### Data section ###

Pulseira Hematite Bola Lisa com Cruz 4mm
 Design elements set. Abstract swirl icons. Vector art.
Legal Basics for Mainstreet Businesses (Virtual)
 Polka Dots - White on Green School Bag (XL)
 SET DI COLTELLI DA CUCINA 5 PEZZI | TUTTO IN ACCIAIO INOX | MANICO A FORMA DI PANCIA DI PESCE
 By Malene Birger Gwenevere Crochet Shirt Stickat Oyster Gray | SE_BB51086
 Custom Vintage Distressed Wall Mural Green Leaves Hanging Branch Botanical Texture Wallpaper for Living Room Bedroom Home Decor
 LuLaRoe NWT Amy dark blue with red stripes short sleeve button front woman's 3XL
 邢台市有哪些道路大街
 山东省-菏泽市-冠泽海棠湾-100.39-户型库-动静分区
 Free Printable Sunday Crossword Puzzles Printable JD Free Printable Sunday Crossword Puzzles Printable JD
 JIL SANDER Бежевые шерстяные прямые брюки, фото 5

###

> Requirement
Locate the line that contains "LuLaRoe NWT Amy", then please quote it and every line after it to the end of the entries above, exactly and with nothing else.

> Result of the exercise
 LuLaRoe NWT Amy dark blue with red stripes short sleeve button front woman's 3XL
 邢台市有哪些道路大街
 山东省-菏泽市-冠泽海棠湾-100.39-户型库-动静分区
 Free Printable Sunday Crossword Puzzles Printable JD Free Printable Sunday Crossword Puzzles Printable JD
 JIL SANDER Бежевые шерстяные прямые брюки, фото 5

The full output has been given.